Leveraging online reviews to decode quality-induced customer dissatisfaction: From perception to product discouragement

Rahul Kumar, Nolan M. Talaei, Ajay KUMAR, Kristof Coussement and Asil Oztekin
Decision Sciences
02/12/2025

Abstract

business analytics customer dissatisfaction natural language processing (NLP) product discouragement quality Artificial Intelligence or Cybernetics Consumer Behavior Electronic Commerce
E-commerce practitioners and researchers recognize that quality concerns are the primary drivers of customer dissatisfaction with products or services. While dissatisfaction can arise from various factors, little is known about quality and its components, specifically from the perspective of dissatisfied customers.
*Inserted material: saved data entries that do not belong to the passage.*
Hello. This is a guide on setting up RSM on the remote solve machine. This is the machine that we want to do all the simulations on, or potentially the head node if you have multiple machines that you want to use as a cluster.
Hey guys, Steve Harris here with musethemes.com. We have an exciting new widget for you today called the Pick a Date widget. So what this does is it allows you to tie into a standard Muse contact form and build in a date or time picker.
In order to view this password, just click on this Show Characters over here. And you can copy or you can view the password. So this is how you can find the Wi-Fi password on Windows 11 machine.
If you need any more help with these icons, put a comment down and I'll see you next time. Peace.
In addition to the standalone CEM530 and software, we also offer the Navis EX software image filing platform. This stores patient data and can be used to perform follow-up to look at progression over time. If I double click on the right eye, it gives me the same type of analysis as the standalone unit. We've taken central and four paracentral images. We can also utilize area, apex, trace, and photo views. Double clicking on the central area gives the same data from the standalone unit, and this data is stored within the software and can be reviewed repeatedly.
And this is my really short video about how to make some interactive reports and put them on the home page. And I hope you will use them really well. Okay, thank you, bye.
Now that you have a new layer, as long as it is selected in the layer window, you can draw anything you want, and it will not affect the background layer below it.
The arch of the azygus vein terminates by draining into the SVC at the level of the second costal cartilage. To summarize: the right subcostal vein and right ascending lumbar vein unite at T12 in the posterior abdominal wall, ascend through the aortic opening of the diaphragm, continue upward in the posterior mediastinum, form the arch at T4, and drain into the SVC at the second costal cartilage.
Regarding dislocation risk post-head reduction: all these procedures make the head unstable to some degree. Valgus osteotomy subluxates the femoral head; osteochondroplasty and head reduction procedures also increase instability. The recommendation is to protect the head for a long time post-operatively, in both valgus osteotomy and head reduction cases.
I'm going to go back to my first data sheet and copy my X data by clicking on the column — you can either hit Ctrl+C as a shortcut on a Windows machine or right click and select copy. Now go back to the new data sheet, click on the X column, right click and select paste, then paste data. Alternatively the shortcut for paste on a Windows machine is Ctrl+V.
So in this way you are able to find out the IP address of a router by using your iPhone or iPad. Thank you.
Grounded in the foundational principles of expectancy conformance theory and emotional regulation theory, our study investigates the key characteristics driving quality-induced customer dissatisfaction and their influence on consumers' response behaviors. We further examine how ways of expressions and feelings underlying reviews nudge future recommendations. By combining natural language processing and statistical modeling for around a million online reviews, we uncover and identify the characteristics underlying the sources of quality-induced customer dissatisfaction. Our findings highlight the intermediary role of negative sentiments and emotions, shifting the focus from regular defects or design-related stand-alone issues for the practice. Rather, it is the customers' affective states, escalating from mild dissatisfaction to strong frustration, which mediate the impact on future recommendations and can lead to extreme reactions such as product discourage-ment. Therefore, portal managers can apply our findings to enhance decision-making in complex situations by developing coping strategies to regulate affective states of disappointed customers and thereby curb negative word-of-mouth.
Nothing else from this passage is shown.